As each open set in $\mathbb{R}$ is a countable union of open intervals, it follows that $\bigcup_{U \in \mathcal{F}} U$ can be written as a countable union of open intervals $\bigcup_{i = 1}^{\infty} G_i$ that covers $L$. Using the fact that $L$ is compact, there is a finite subcover $\bigcup_{i = 1}^{m} G_i$. As each $G_i$ is a subset of an $\varepsilon$-good set, the $G_i$ themselves are $\varepsilon$-good.
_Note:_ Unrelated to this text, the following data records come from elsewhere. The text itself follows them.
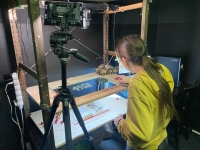 Laura prepares an animation scene with her props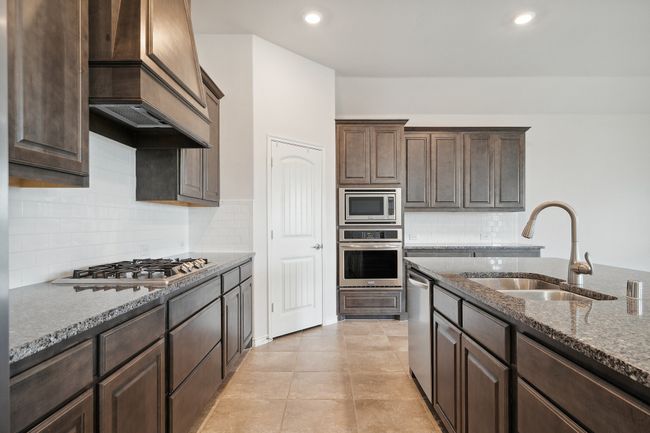 Kitchen with stainless steel appliances, dark stone countertops, premium range hood, dark brown cabinets, and | Image 9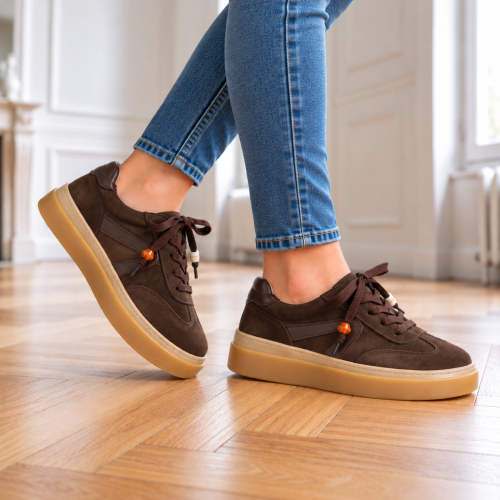 Brązowe sneakersy na drewnianej podłodze (3).png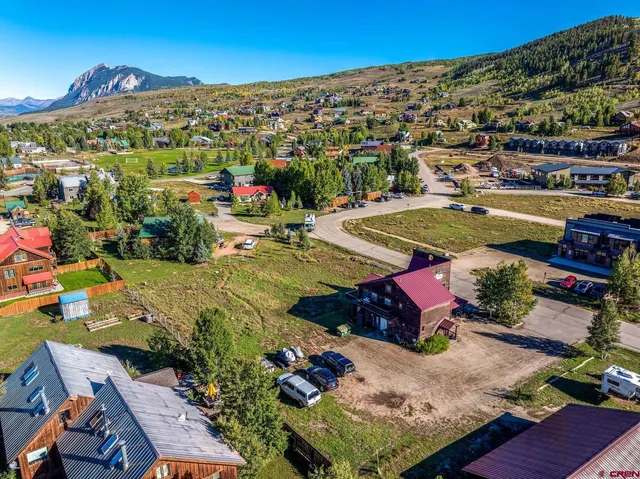 a aerial view of a house with a yard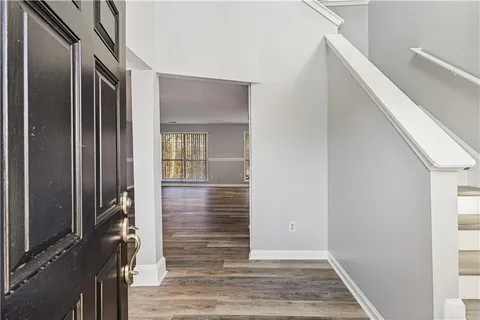 a view of hallway with wooden floor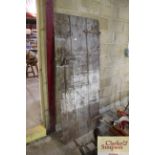An antique pine planked door with iron hinges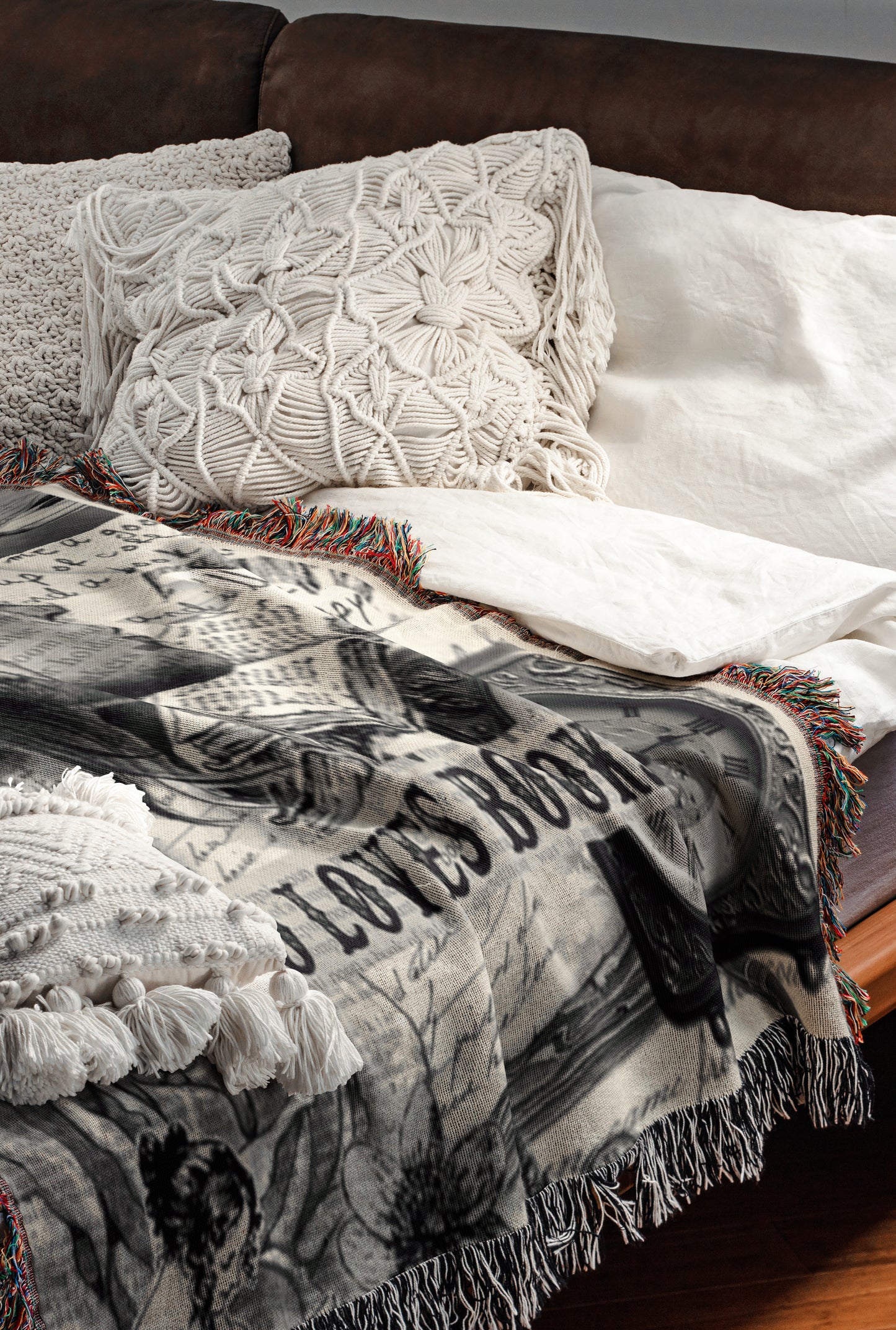 a cozy and inviting bedroom scene, featuring a bed with a white comforter and a decorative throw blanket with a black and white pattern. The bed is adorned with two white pillows and a white shawl, creating a warm and comfortable atmosphere.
To make this union disjoint, let
$$S_j = G_j \setminus \bigcup_{i < j} G_i$$
for every $1 \leq j \leq m$. It is evident that the $S_j$ are finite unions of not necessarily open intervals (here, I consider a point an interval of length zero, to avoid any posssible complications - this is one of the reasons this proof is simpler when using the Lebesgue measure). As $S_j \subseteq G_j$ for every $j$, i.e., every $S_j$ is a subset of an $\varepsilon$-good set, they are $\varepsilon$-good sets themselves.  Therefore, for every $j$, there is a countable union of open rectangles $V_j = \bigcup_{l = 1}^{\infty} T_{j,l}$ with total volume less than $\varepsilon$ and satisfying $K_s \subseteq V_j$ for every $s \in S_j$.
It follows that
$$K \subseteq \bigcup_{j = 1}^{m} V_j \times S_j = \bigcup_{j = 1}^{m} \bigcup_{l = 1}^{\infty} T_{j,l} \times S_j.$$
Indeed, if $(x,t) \in K$, then $t \in S_k$ for some $1 \leq k \leq m$, as the union of the $S_j$ covers $L$. Then, $x \in K_t \subseteq V_k$, by construction of the $V_j$, and $(x,t) \in \bigcup_{j = 1}^{m} V_j \times S_j$. The expression on the right indicates that this cover is a countable cover of rectangles of total volume equal to
$$\sum_{j = 1}^{m} \sum_{l = 1}^{\infty} v_n(T_{j,l}) \cdot v_1(S_j) = \sum_{j = 1}^{m} v_1(S_j) \sum_{l = 1}^{\infty} v_n(T_{j,l}) < \varepsilon \sum_{j = 1}^{m} v_1(S_j) = \varepsilon \cdot v_1 \left( \bigcup_{j = 1}^{m} S_j \right).$$
However, $\bigcup_{j = 1}^{m} S_j \subseteq Q$, hence
$$\varepsilon \cdot v_1 \left( \bigcup_{j = 1}^{m} S_j \right) \leq \varepsilon \cdot v_1(Q) < \delta.$$
As the choice of $\delta$ is arbitrary, it follows by definition that $K$ has measure zero.